Wednesday, October 2, 2013

Oven Roasted Tomato Basil Soup



Tomato basil soup is probably my most favorite soup! It's light and flavorful. Add some orzo pasta and you get a perfect lunch. It's dairy free.

  • 1 1/2 lbs Roma tomatoes, halved
  • 2 tbsp olive oil
  • 1 medium yellow onion, finely chopped
  • 4 garlic cloves, minced
  • 1 tsp dry thyme
  • 1 tsp dry basil
  • 1 tsp paprika
  • 1 15-oz can diced tomatoes with juice (I recommend the "Rosemary Basil" kind)
  • 2 cups vegetable broth
  • salt and pepper to taste
  • 2 cups fresh basil leaves, chopped
  • orzo pasta for garnish, cooked

Preheat oven to 375F. Place halved tomatoes on a baking sheet. Roast for 20 minutes.

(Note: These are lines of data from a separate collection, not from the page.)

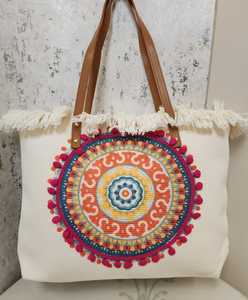 Sac fourre-tout en toile brodée mandala bohème avec pompons et franges - Product Image 3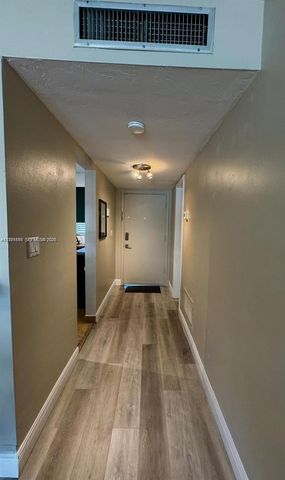 1530 NE 191st St 241, Miami, FL 33179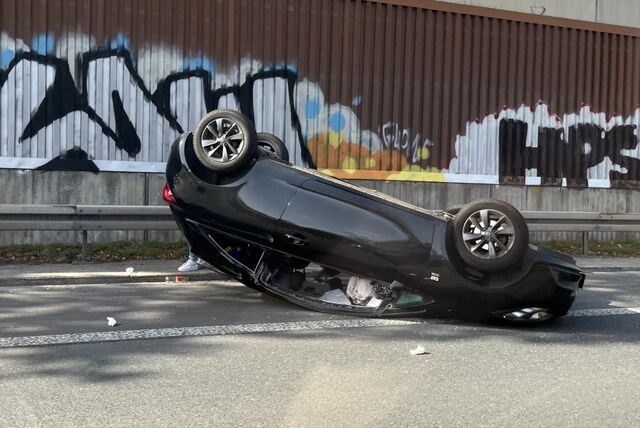 Bei einem Unfall auf der B54 hat sich ein Fahrzeug überschlagen.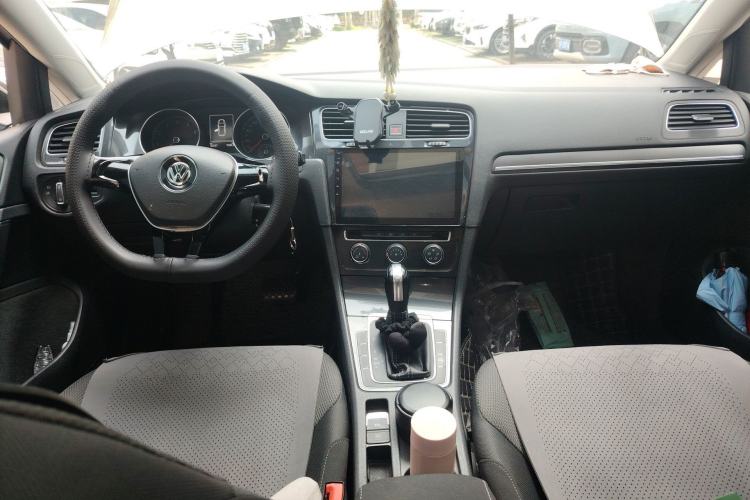 Used Volkswagen Golf 2017 1.6L Automatic Comfort Million-Vehicle Anniversary Edition Center Console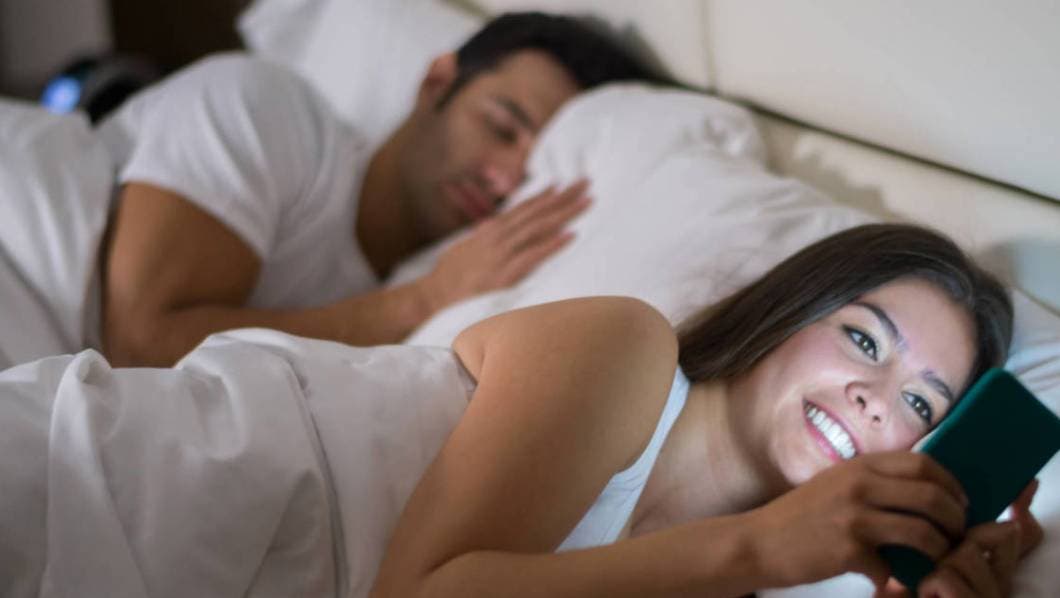 ¿Piensas que tu pareja te engaña? aquí te decimos cómo 'caerle' usando WhatsApp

While tomatoes are in oven, heat olive oil in large skillet. Add onions and garlic. Saute until onions are translucent, stirring occasionally, about 7 minutes. Add thyme, basil, paprika, diced tomatoes with juice, and broth. Bring to a boil. Reduce to a simmer and cook for 7 more minutes, occasionally stirring. Season to taste. Add the roasted tomatoes from the oven. Bring to a boil. Once again, reduce to a simmer. Cook for 10 more minutes. Remove from heat.

Transfer soup into blender and add fresh basil leaves. (You might want to divide soup into two parts or use a nifty immersion blender that is so convinient to use!) Puree until smooth. Serve hot topped with cooked orzo pasta or croutons.